> DATA BELOW
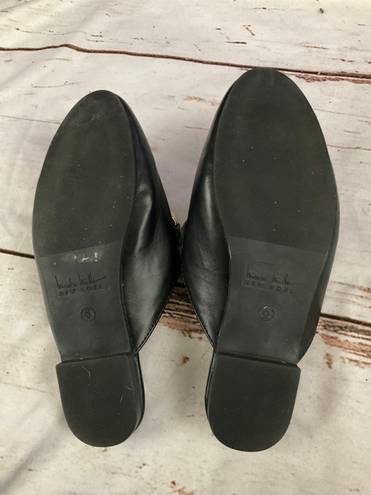 Nicole Miller FAUX LEATHER APPLIE MULES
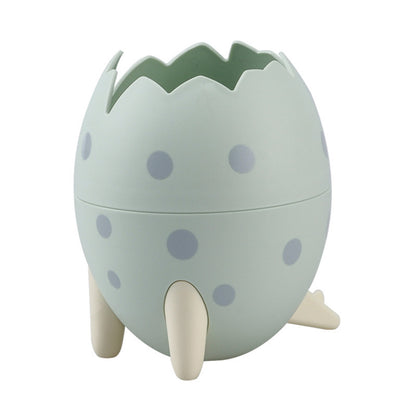 Dinosaur Egg Desktop Storage Box – Pen, Makeup, & Brush Organizer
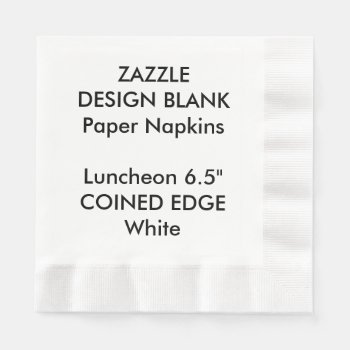 Personalized White Coined Luncheon Paper Napkins by ZazzleDesignBlanks at Zazzle
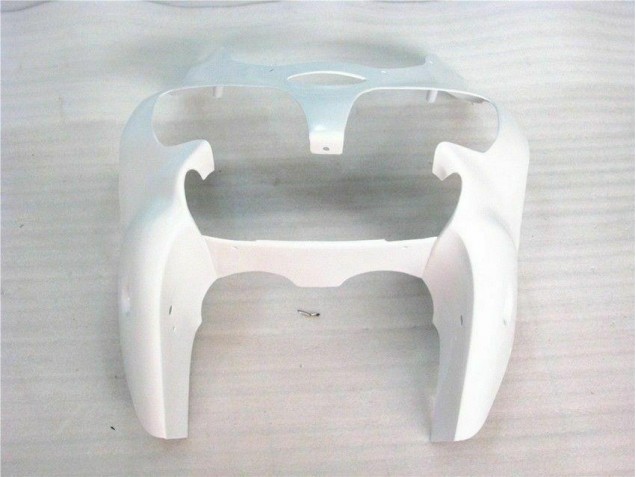 00-02 Glänzend Weiß Kawasaki ZX6R Motorrad Verkleidung 00-02 Glänzend Weiß Kawasaki ZX6R Motorrad Verkleidung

> WHAT THE TASK ASKS
Would you set down, word for word, the lines running from the one that contains "Dinosaur Egg Desktop" to the last line of the material, omitting all pictures?

> OUTPUT BELOW
 Dinosaur Egg Desktop Storage Box – Pen, Makeup, & Brush Organizer
 Personalized White Coined Luncheon Paper Napkins by ZazzleDesignBlanks at Zazzle
 00-02 Glänzend Weiß Kawasaki ZX6R Motorrad Verkleidung 00-02 Glänzend Weiß Kawasaki ZX6R Motorrad Verkleidung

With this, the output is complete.